═══ RECORDED INFORMATION
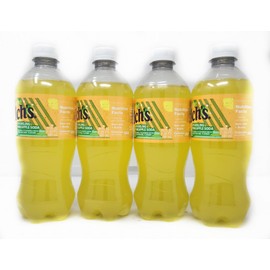 Fruit Flavored Sparkling Soda Pop Soft Drink 20oz Plastic Bottles (4pack, Pineapple)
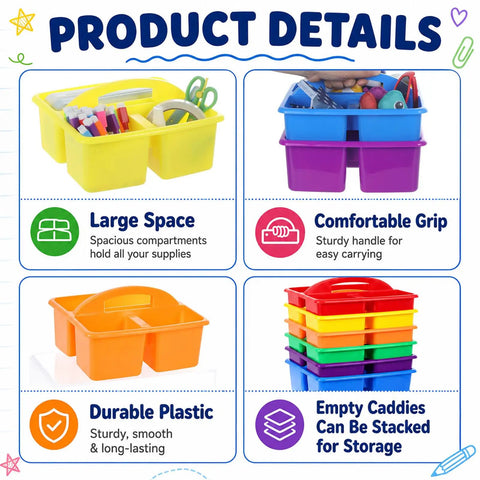 Product details of 12 Pack Colorful Classroom Caddies With Three Compartments highlighting space, grip, durability, stackable design.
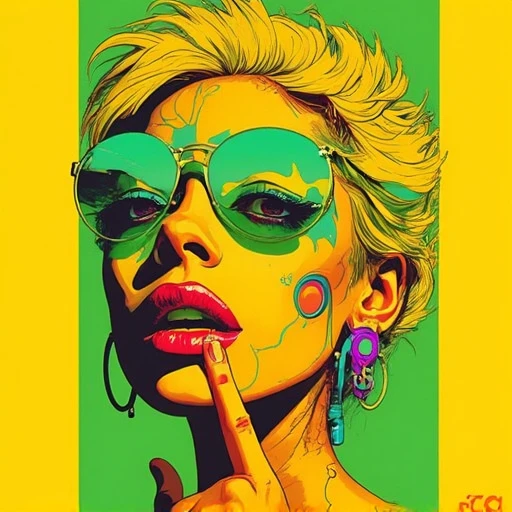 face paint, yellow background, yellow hair, mechanical joints, green background, swirling water body, finger in mouth, from below. Bold and vibrant color palettes, sunflowers, faded edges, short hair. Bold and vibrant color palettes, latina, a sultry and alluring woman with bold makeup and sunglasses posing seductively, 'JFA' written beneath the skateboard, white skin, smoking, purple eyes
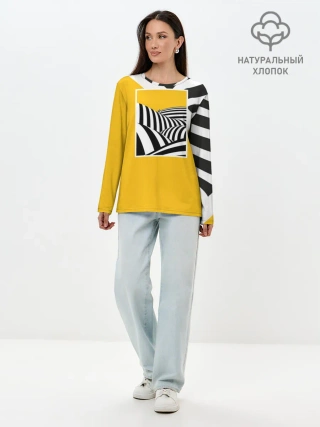 Лонгслив женский. Хлопок / Крути педали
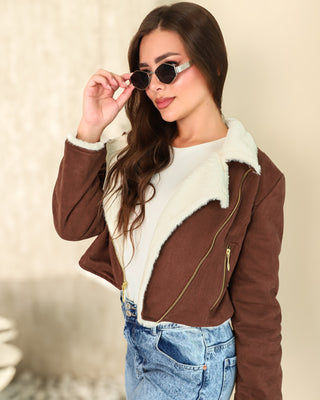 Chaqueta ovejera café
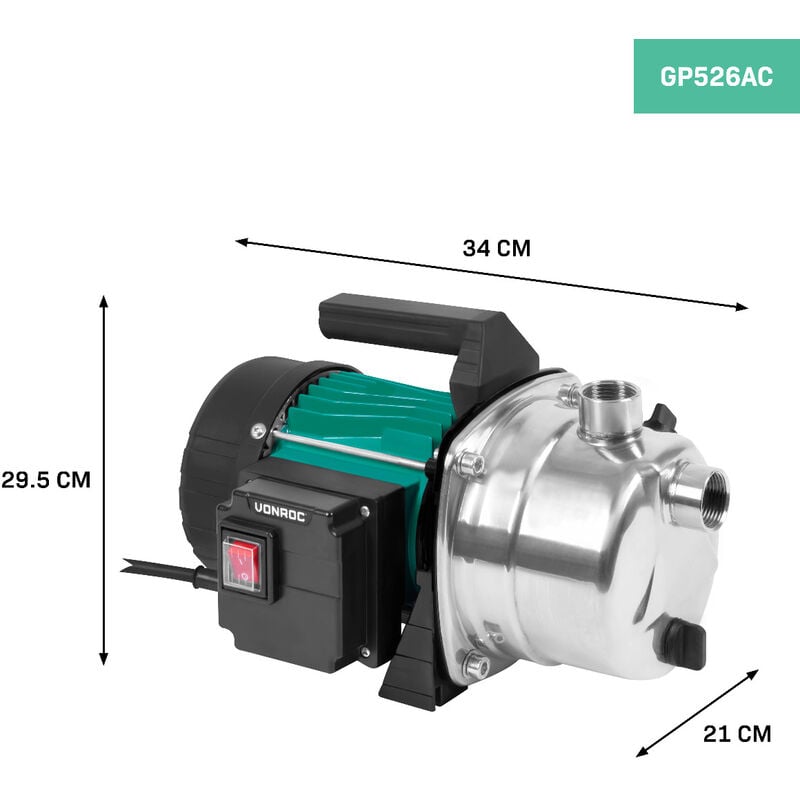 Hillvert Selbstansaugende Pumpe - 1000 W - 3,5 m³/h - Karbonstahl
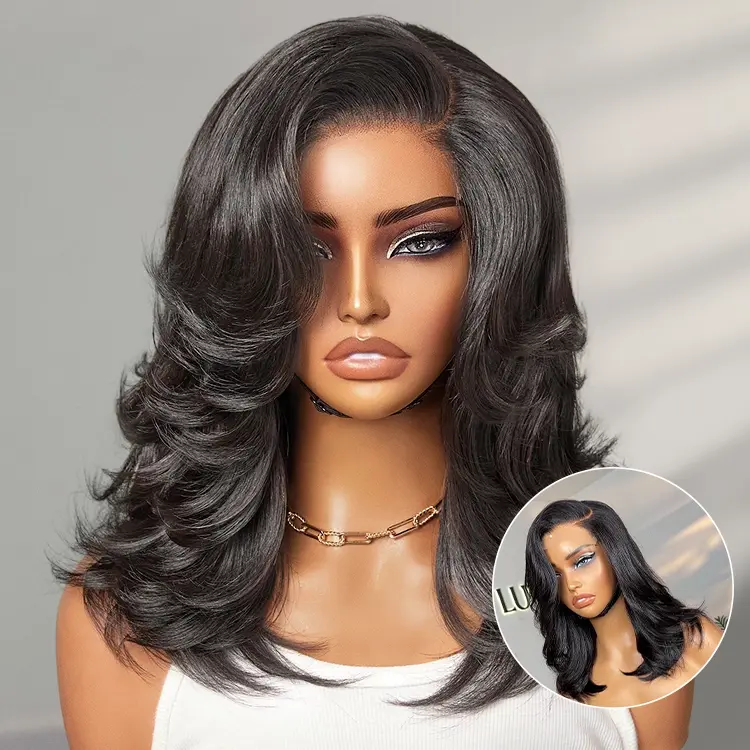 New Customers Only | Effortlessly Chic Layered Haircut Wavy Glueless HD Minimalist Lace Short Wig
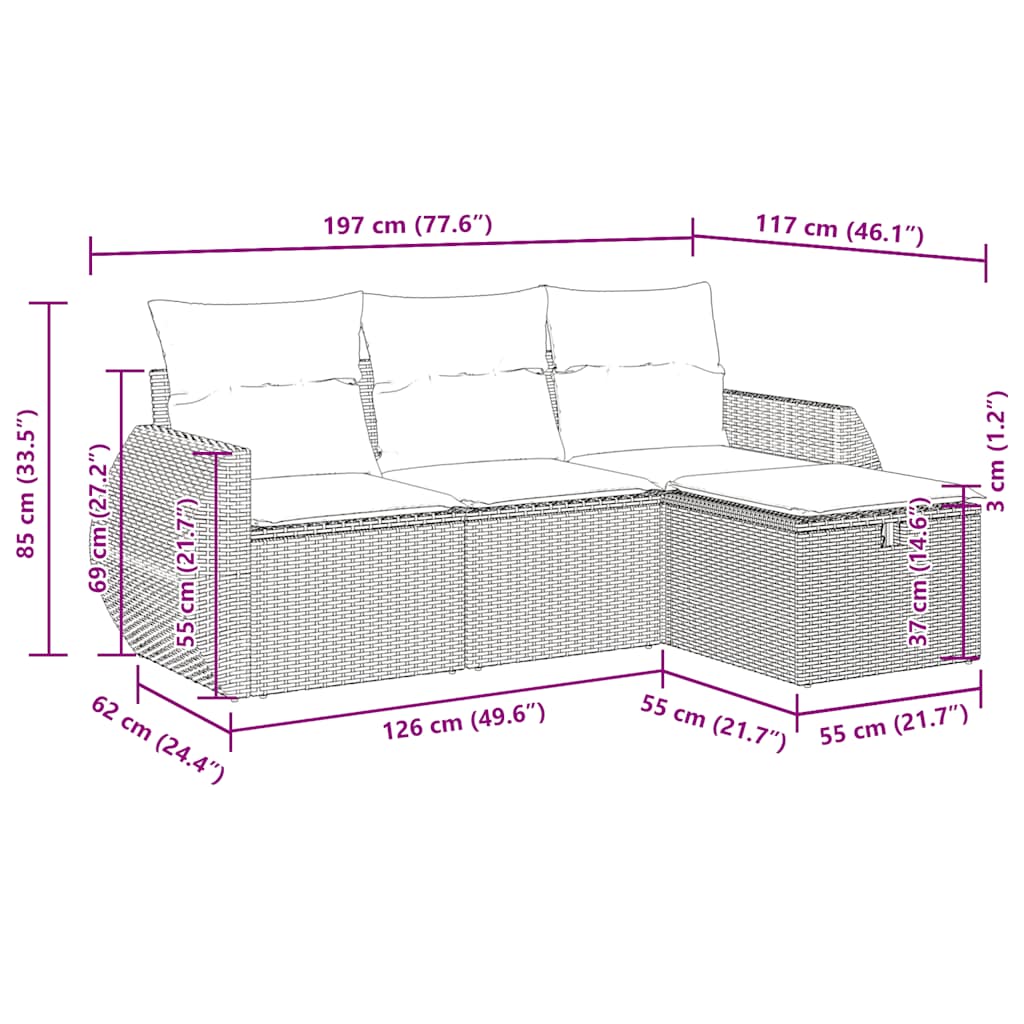 4-dijelni set vrtnih sofa od poliratana s jastucima crni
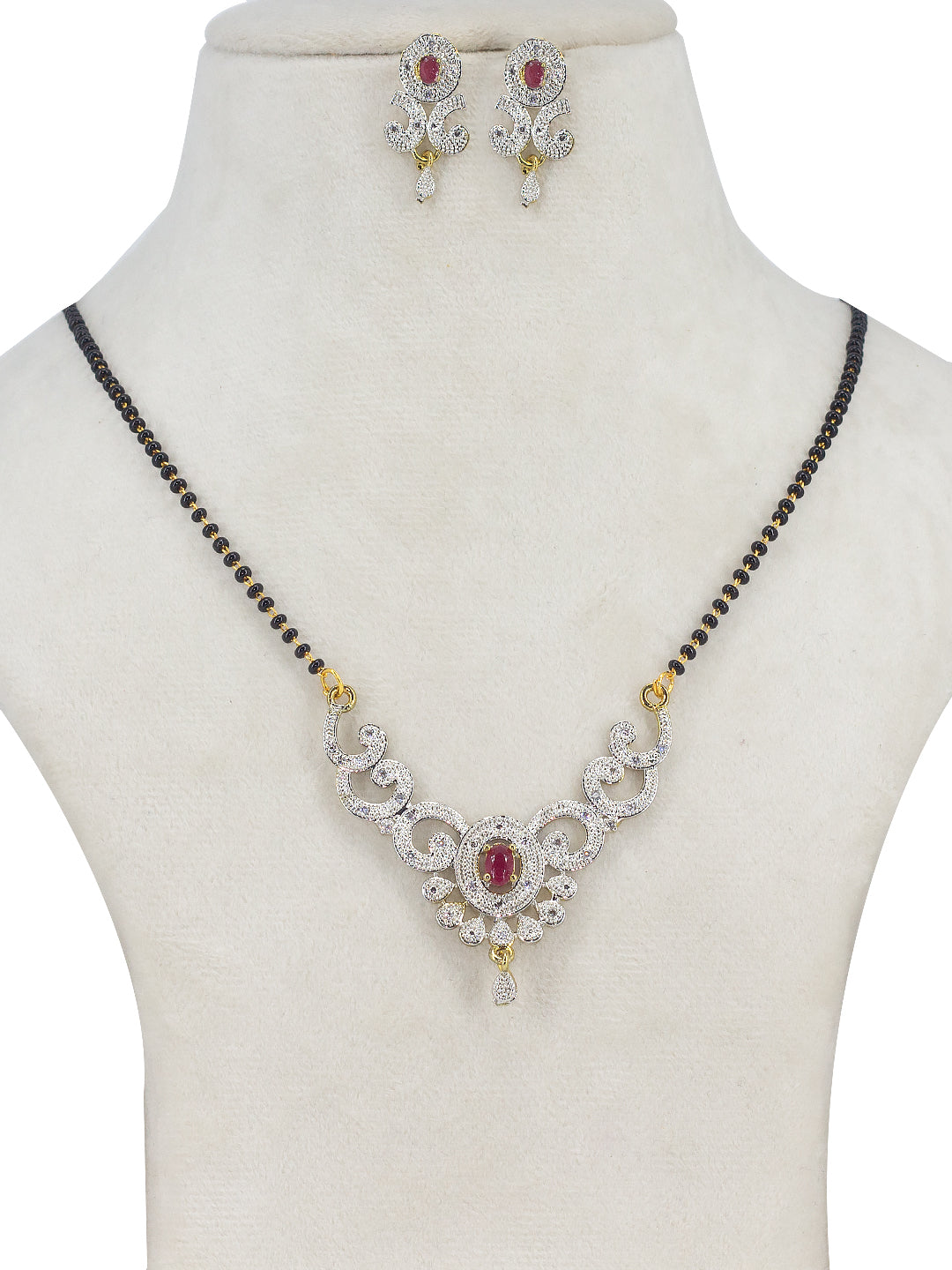 Red American Diamond Mangalsutra Set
══════
EXERCISE: The output should consist of every entry above, printed exactly, with the images removed.

WRITTEN REPLY:
 Fruit Flavored Sparkling Soda Pop Soft Drink 20oz Plastic Bottles (4pack, Pineapple)
 Product details of 12 Pack Colorful Classroom Caddies With Three Compartments highlighting space, grip, durability, stackable design.
 face paint, yellow background, yellow hair, mechanical joints, green background, swirling water body, finger in mouth, from below. Bold and vibrant color palettes, sunflowers, faded edges, short hair. Bold and vibrant color palettes, latina, a sultry and alluring woman with bold makeup and sunglasses posing seductively, 'JFA' written beneath the skateboard, white skin, smoking, purple eyes
 Лонгслив женский. Хлопок / Крути педали
 Chaqueta ovejera café
 Hillvert Selbstansaugende Pumpe - 1000 W - 3,5 m³/h - Karbonstahl
 New Customers Only | Effortlessly Chic Layered Haircut Wavy Glueless HD Minimalist Lace Short Wig
 4-dijelni set vrtnih sofa od poliratana s jastucima crni
 Red American Diamond Mangalsutra Set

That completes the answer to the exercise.